Most organizations try to protect only mission critical applications, leaving second-tier, but still valuable, systems vulnerable to extended outages. It’s hard to justify improving your disaster recovery capabilities when you’re under pressure to cut IT costs and when DRaaS is seen as an expensive insurance policy.
There has been a direct correlation between speed of recovery and cost – the faster you wanted to recover, the more it’s going to cost you. But are cloud-based DR solutions a way to achieve the recovery capabilities of advanced DR services at a more affordable price? Leveraging the cloud for disaster recovery gives small and medium-sized business the same capabilities that larger companies have had for years, as well as offering all organizations a cost-saving solution that will meet business requirements while reducing the time, money, and resources expended.
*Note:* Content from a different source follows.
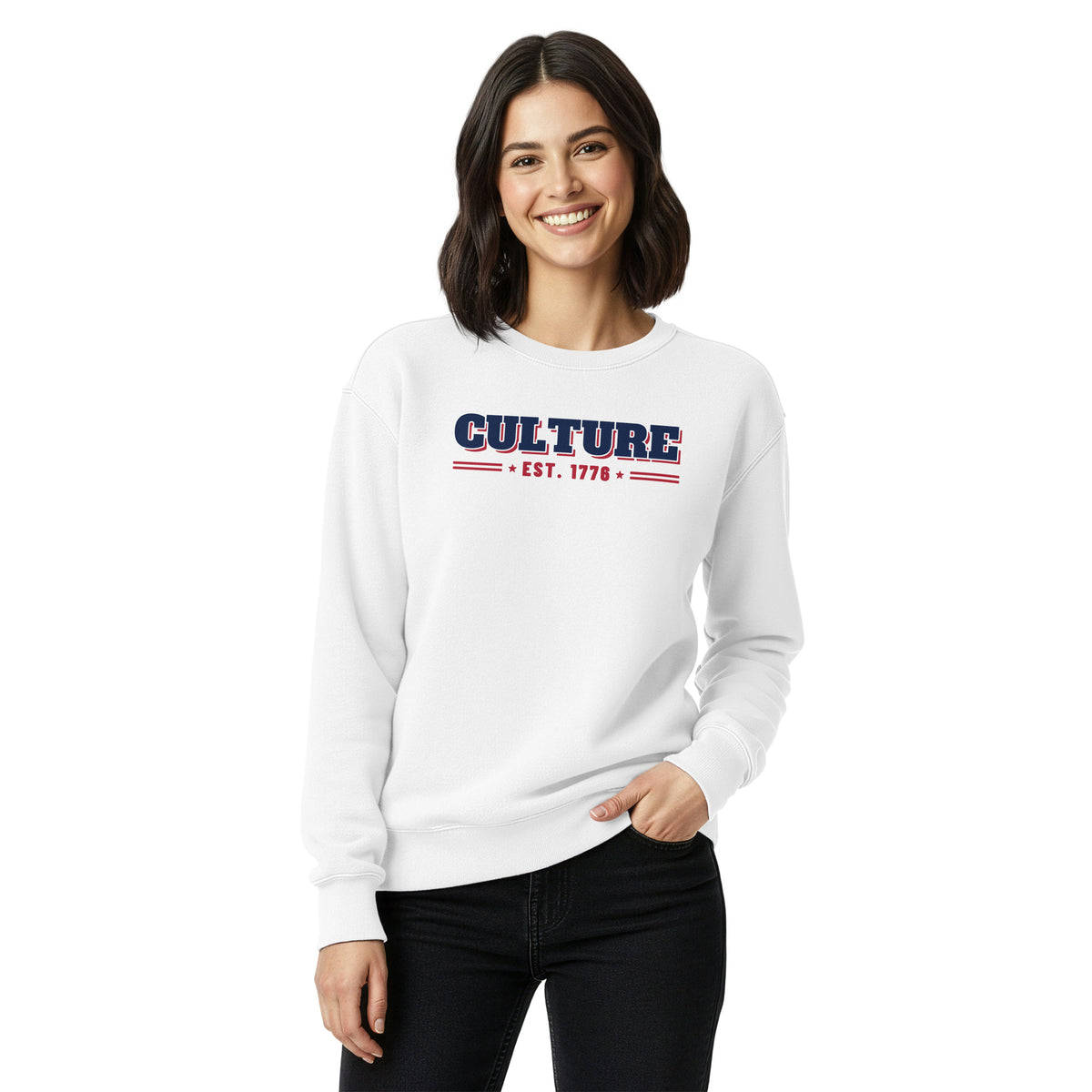 Culture Est. 1776 Stacked Crewneck in White, front, on female model | True American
With DRaaS, disaster recovery becomes much more cost-effective with significantly faster recovery times. Now, let’s compare DRaaS to more traditional DR approaches:
TAPE
BACKUP
The biggest strike against tape backup systems is speed – it may take days to recover your data. It just takes time to recover the tape, restore the files, and then rebuild the applications.
CLOUD
BACKUP
Cloud backup can certainly be much faster than tape, but organizations are often throttled by the size of their internet pipe and the amount of data they have to protect. Companies with lots of data to protect or that have stringent RTO requirements quickly outgrow their direct-to-cloud backup solution. Plus, they are more ideal for file and folder backup vs. VM or application-level backups.
BACKUP
APPLIANCES
Purpose-built backup appliances are much faster than tape, but you often pay more for the box. Backup appliances are also limited by storage capacity – once it reaches capacity, you need to purge data or upgrade to a larger (more expensive) appliance. These appliances have not traditionally had the ability to spin up VMs, but this is changing as more appliance vendors are bolting on cloud functionality – but this does not necessarily equate to having enterprise-grade DRaaS functionality.
COLD SITE
STANDBY
With cold site standby, a secondary site acts as backup of another identical primary system. It will be installed and configured only when the primary site breaks down for the first time. Subsequently, In the case of a failure in the primary the secondary site is powered on and the data restored before finally starting the failed application or server. Data from primary system can be backed up on a storage system and restored on secondary system as and when required. This generally provides a recovery time of a few hours.
WARM
STANDBY
With warm standby, the secondary site will have hardware and connectivity already established, though on a smaller scale than the original production site or even a hot site. Warm sites might have backups on hand, but they may not be complete and may be between several days and a week old. Data is regularly mirrored to secondary system using disk based replication or shared disk. This generally provides a recovery time of a few minutes.
HOT
STANDBY
A hot (secondary) site is a duplicate of the original site of the organization, with full computer systems as well as near-complete backups of user data. Data is mirrored in near real time and both systems will have identical data. Data replication is typically done through the software’s capabilities. This generally provides a recovery time of a few seconds. Because of the extra infrastructure, software, and bandwidth, hot standby recovery is usually very expensive.
ACTIVE-ACTIVE
(LOAD BALANCED)
In this method both the primary and secondary systems are active and processing requests in parallel. Data replication happens through software capabilities and would be bi-directional. This generally provides a recovery time that is instantaneous. As you probably guessed, this is about as expensive as it gets – but for organizations who depend on always-on availability (think online exchanges or e-commerce sites) they’re willing to spend big to prevent any downtime from ever occurring.